Jagori Bannerjee, from the leading Bengali daily, Anandabazar Patrika, gave it 6.5/10. Swapan Mullick from The Statesman gave it 2.5 stars, but described it to be 'fulfilling expectations'. Sudipta Dey, from The Bengal Post, rated it as 'average' but mentioned the film 'has a strong social message' and 'Raj's expertise in weaving the story is undoubtedly good.'. Veteran film-critic, Shoma A. Chatterji gave the film 5/10 on the web-portal, "Upperstall.com"; but on "Calcuttatube", she increased it to 6/10. Aditya Chakrabarty, from another web-portal, "Washington Bangla Radio" highlighted that Dev had delivered his best performance till then and Jeet and Koel also lived up to the hype. Debabrata Chowdhury, from "Bartaman" opined people should like the film. The leading Bengali magazine, "Anandalok" believed the film created a new world in Bengali commercial cinema. Mahua Duttamitra, from "Ekdin" certified that the director along with his full team had passed with distinction. Samrat Mukherjee, from "Aajkaal" wrote the director has mixed commerce with experimentation. Bidisha Chatterjee, from Sangbad Pratidin, considered the director had hit bull's-eye. "Sakalbela" depicted the film to be a must-watch. Another leading English daily, The Telegraph, also hailed the film's cinematography.

=== Box office ===
"Dui Prithibi" was the highest grosser of 2010, according to a study conducted by FICCI & Deloitte. The film had the highest ever opening week collection for a Bengali film. It grossed almost Rs.29 million in its 1st week, while the producers raked in almost Rs.20 million. The film continued a steady run in the city till the 3rd week. The rural collections though witnessed a fall from the 2nd week itself. Ultimately, after the less-than-expected 5-week city-run, the producers earned an impressive Rs.50 million, as reported in the dailies Gulf Times, The Statesman (23.12.11), The Economic Times (30.4.11); the web-portals Golden Reel (28.1.11), The Indian Express (19.12.11) and the annual report of Deloitte in 2011. The Times of India on 15.6.12 reported that the film was made on a budget of Rs.35 million and did "tentative business" of Rs.40 million.

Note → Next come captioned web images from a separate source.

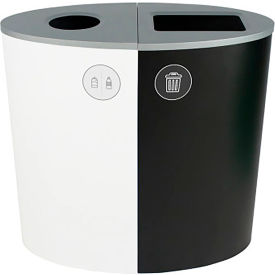 Spectrum Ellipse Double Recycling Station For Cans & Bottles, 44 Gal Cap, White/Black
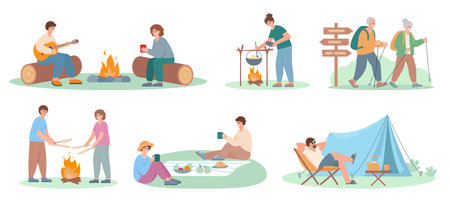 Tourists camping set. Campers people characters with tent, bonfire, cooking, hiking, relaxing, playing guitar. Summer vocation vector illustrations isolated on white background.のイラスト素材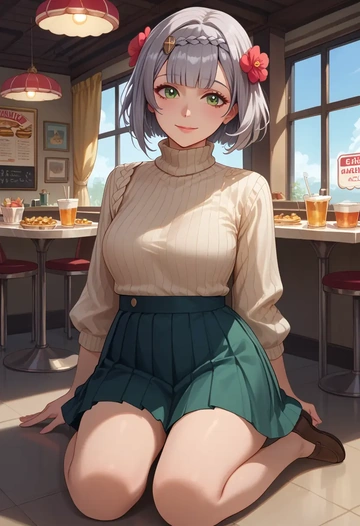 genshin impact,noelle_(genshin_impact),skirt,pleated,turtleneck sweater  - AI generated anime art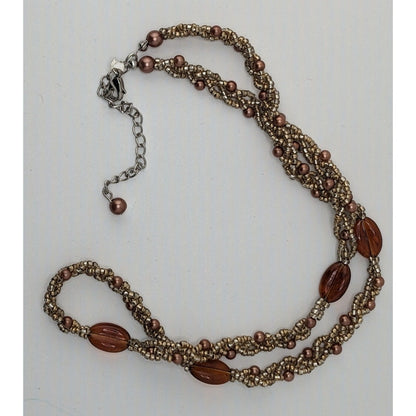 Bohemian Braided Glass Beaded Necklace With Twisted Design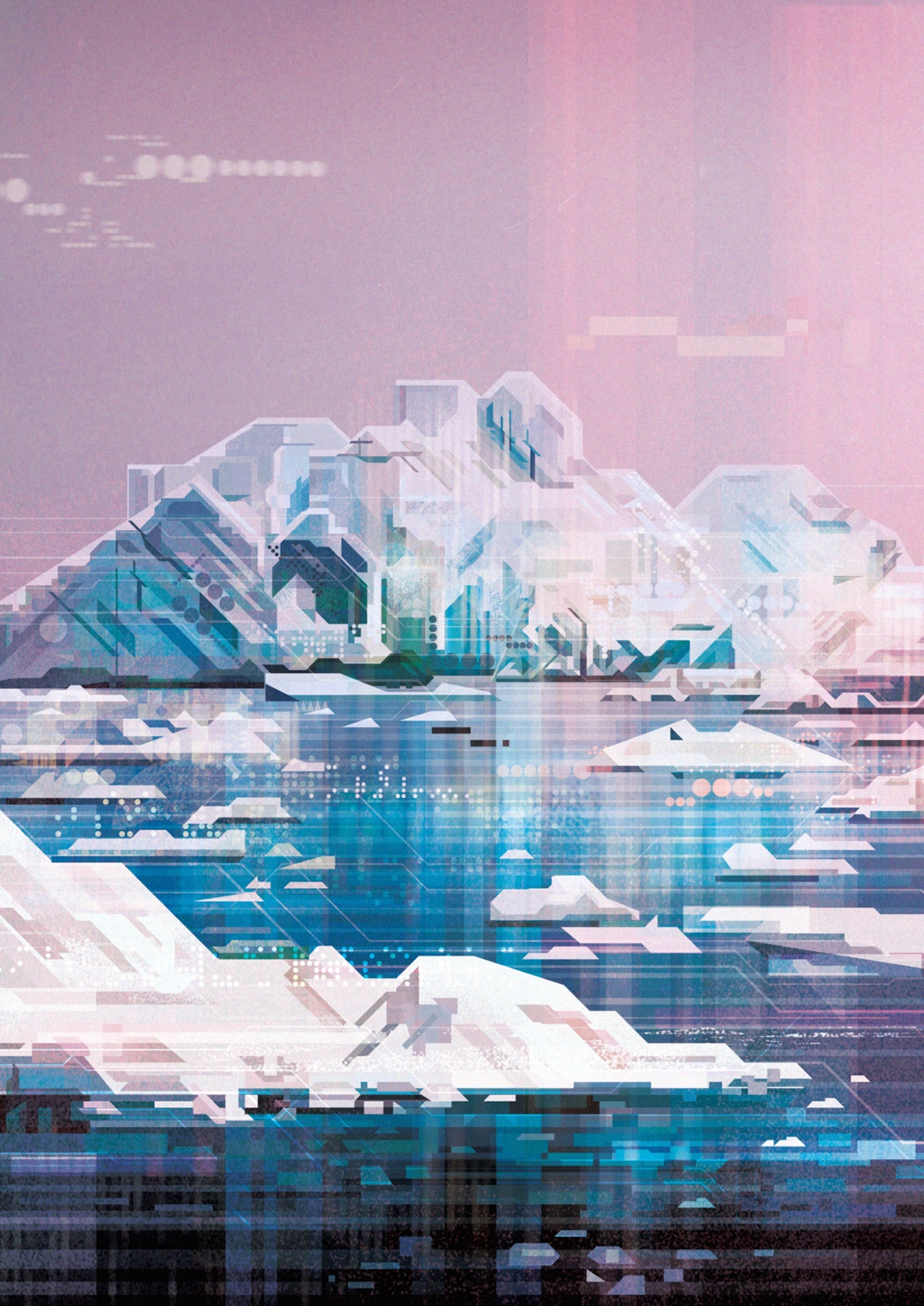 Digital art of abstract mountains and water by James Gilleard HD Phone Wallpaper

== Awards and nominations ==
"Dui Prithibi" won three awards at the prestigious 'Star Jalsha Entertainment Awards 2011' held at the Science City Auditorium on 28.5.11. The results were calculated solely on the basis of audience votes sent through SMS and the channel's official website. The following is the list of awards won by the film :-

(1) 'Best Superhit Film'. The other nominations were : "Autograph", "Amanush", "Josh" and "Le Chakka".

(2) 'Best Superhit Music'. The other nominations were : "Autograph", "Amanush", "Moner Manush" and "Le Chakka".

(3) 'Best Superhit Heroine': Koel Mallick for "Dui Prithibi". The other confirmed nominations were : Srabanti Chatterjee for "Wanted", Payel Sarkar for "Le Chakka" and Priyanka Sarkar for "Jodi Ekdin".

Other than these, Jeet was also nominated from this film for 'Best Superhit Hero' which was eventually won by Prosenjit Chatterjee for "Autograph", Dev was nominated from this film for 'Best Supporting Actor' which was in the end won by Saswata Chatterjee for "Byomkesh Bakshi" and Jeet-Koel were nominated from this film for 'Best Pair Award' which was ultimately won by Dev-Payel for "Le Chakka".
Barkha Bisht Sengupta won the 'Best Newcomer Award' for this film in the "Anandalok Awards 2010".